Hash Brown Casserole
This hash brown casserole is our favorite ‘go-to’ dish when it comes to comfort food. Green onions and sharp cheddar give this creamy, soup-based dish that extra kick and once you’ve served it everyone will be begging you to make it again!
Bonus: This recipe is so straightforward the kids could throw it together for you in 15 minutes. Defrosting a bag of hash browns in the microwave makes it really easy to get started and cuts down on the baking time too. Although it goes especially well with glazed ham or roast beef, there’s no need to save it for special occasions—it’s an excellent side for just about any meal!
Although our recipe makes a large casserole (enough for 10−12 servings) and it’s great for potlucks, don’t count on there being any leftovers when making it just for the family.

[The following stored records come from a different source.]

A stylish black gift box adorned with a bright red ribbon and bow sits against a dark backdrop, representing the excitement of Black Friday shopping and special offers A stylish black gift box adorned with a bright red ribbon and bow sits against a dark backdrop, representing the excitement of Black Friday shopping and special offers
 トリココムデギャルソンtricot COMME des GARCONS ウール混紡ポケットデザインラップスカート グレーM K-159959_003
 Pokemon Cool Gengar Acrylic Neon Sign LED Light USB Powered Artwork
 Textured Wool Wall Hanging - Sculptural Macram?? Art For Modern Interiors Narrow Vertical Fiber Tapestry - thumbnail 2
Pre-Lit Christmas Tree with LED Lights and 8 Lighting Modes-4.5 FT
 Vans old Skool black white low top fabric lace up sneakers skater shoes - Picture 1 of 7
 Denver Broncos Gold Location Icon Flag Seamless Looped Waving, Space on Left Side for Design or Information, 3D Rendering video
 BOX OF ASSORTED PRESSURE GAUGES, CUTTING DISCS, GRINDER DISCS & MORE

Let us know if this #EverydayDishes favorite makes it to the top of your list!
hash brown casserole recipe
- 30 oz bag country style hash browns, thawed
- 1 stick unsalted butter, melted
- 10.75 oz can cream of mushroom soup
- 1 cup sour cream
- 1/4 cup green onions, finely chopped , about 4
- 2 cups sharp cheddar cheese, shredded
- 1 tsp salt
- 1/4 tsp pepper
- sharp cheddar cheese, additional shredded for topping
- Preheat the oven to 350 degrees and spray a 13" x 9" or 10" x 10" casserole dish with non-stick spray.
- In a large bowl, combine all of the ingredients (except the additional cheese for sprinkling) until well combined. Transfer the mixture to the prepared casserole dish.
- Cover the casserole with aluminum foil and seal tightly. Bake for 45−50 minutes until the center is hot and the edges have begun to brown.
- Remove from the oven, uncover and sprinkle a bit more cheese over the top. Use the heat of the casserole to melt the cheese or just pop it back into the oven for 2 minutes.
- Allow the casserole to cool for at least 5 minutes before serving.